The results of HE staining, Bielschowsky staining and immunofluorescent staining of Tuj1 showed that nerve filaments in groups treated by LIPUS had a greater density. There were also numbers of blood vessels in group C/iPSCs/LIPUS and group Autograft. The outcome may be caused by the application of iPSCs-NCSCs and LIPUS in this study. On one hand, iPSCs-NCSCs can differentiate into vascular cells and neurons, which could accelerate the vascular and nerve regeneration during the restore of injured nerve (Kane et al. 2011). On the other hand, LIPUS could induce angiogenesis (Hanawa et al. 2014) and promote neural differentiation (Lv et al. 2013). In addition, LIPUS could speed up the exchanges of nutrients and toxic substances which are good for the formation of nerve filaments (Chen et al. 2010). The result of Tuj1 immunofluorescence staining suggested that LIPUS and iPSCs-NCSCs can promote the neuron regeneration. The regenerated neurons also could secrete some growth factors such as neural growth factor (NGF) and brained-derived neural growth factor (BDNF), which were benefit for the reconstruction of synapses. In our previously study (Lv et al. 2013), the gene and protein expression levels of Schwann cells-specific markers (S100β and GFAP) were enhanced by LIPUS treatment in vitro. The present findings supported the hypothesis that the combination of LIPUS with iPSCs-NCSCs had a positive effect on the nerve regeneration after peripheral nerve injury in vivo.
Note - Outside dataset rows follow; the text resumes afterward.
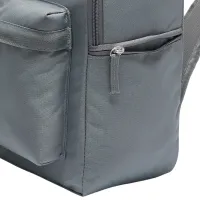 Rucsac Nike Heritage / White Gray / 25l photo 6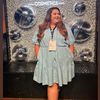 kayleigh.t24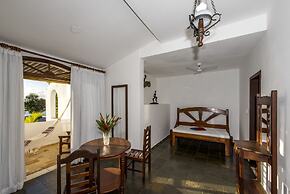 Hotel Pousada Natureza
In conclusion, our study suggested that LIPUS can promote peripheral nerve regeneration by using a tissue-engineered nerve conduit seeded with iPSCs-NCSCs. In vivo evaluation in rat showed that the sciatic function and the NCV were both accelerated when conduit was seeded with iPSCs-NCSCs and treated by LIPUS. It is also revealed that the combination LIPUS with iPSCs-NCSCs could promote angiogenesis and regeneration of nerve fiber and neuron differentiation. This study contributes to the development of safe and effective therapeutic strategies for the regeneration of peripheral nerve injury.